The root in Proto-Indo-European is apparently "klak-", and in Greek the "l" dropped off to make "kak-" > "kach-", while in English the first "k" dropped off to make "lak-" > "lach-" > "lagh-" > "laugh".

I love etymologies. :-)

Friday, February 12, 2010

"Spirit" nothing to sneeze at...

Recently I've been having some fun with etymologies (in addition to developing my speech synthesizer). I found a cool one just tonight: "sneeze". Turns out it is cognate with the Greek word "pneuma", which is often translated as "spirit" (e.g. the Holy Spirit). "Sneeze" comes to us from its Germanic ancestor, "fneusen", which in turn comes from its proto-Indo-European ancestor, the root "*pneu". This is the same root that gave rise to Greek "pneuma". The original meaning of the word was "to breathe", but it also gets used to speak of "wind" and such. So to "sneeze" is to breathe out windily! :-)

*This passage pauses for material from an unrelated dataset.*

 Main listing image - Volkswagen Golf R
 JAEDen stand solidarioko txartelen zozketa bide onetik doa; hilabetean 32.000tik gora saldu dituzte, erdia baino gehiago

Saturday, February 06, 2010

Speech Synthesis Part 2

It's been busy around here lately with grant writing and various other things. But I've been managing to make steady progress on the speech synthesizer. The synthesizer I described in my last post has been scrapped and completely redesigned. There is now way more flexibility in the number of poles and zeros, I have implemented models of the KLGLOTT88 voice source and a source I have used in the past based on Ananthapadmanabha and Fant (1982). (Actually, my KLGLOTT88 source is not 100% functional just yet - it is lacking aspiration noise and I'm not 100% convinced that the spectral tilt is implemented propertly.) The synthesizer is also starting to be a bit more user friendly (lots more work to do on this, though), and it is definitely more "coder-friendly", i.e. the code is much simpler, much shorter, much more modular, and much easier to understand. And unlike the synthesizer described in my last post, the current one can handle voiced obstruents just as well as voiceless obstruents or vowels.

Things that need to be worked out still: I need to implement the aspiration and fricative noise sources, and I need to make sure the amplitudes of the noise and voice sources are appropriately balanced. I'd like to implement the LF model as well, for another voice source option. Finally, I need to make it much more user-friendly by putting all the pieces together into a single program which can read Klatt synthesizer-type parameter specifications from a file and generate the synthetic speech from that.

There will probably be a need for additional tweaks here and there, but they should be relatively minor. The end result will be an implementation of the Klatt synthesizer with a lot more flexibility than the Klatt synthesizer itself. I'll then be able to embed the synthesizer in other synthesis and analysis projects that I have in mind.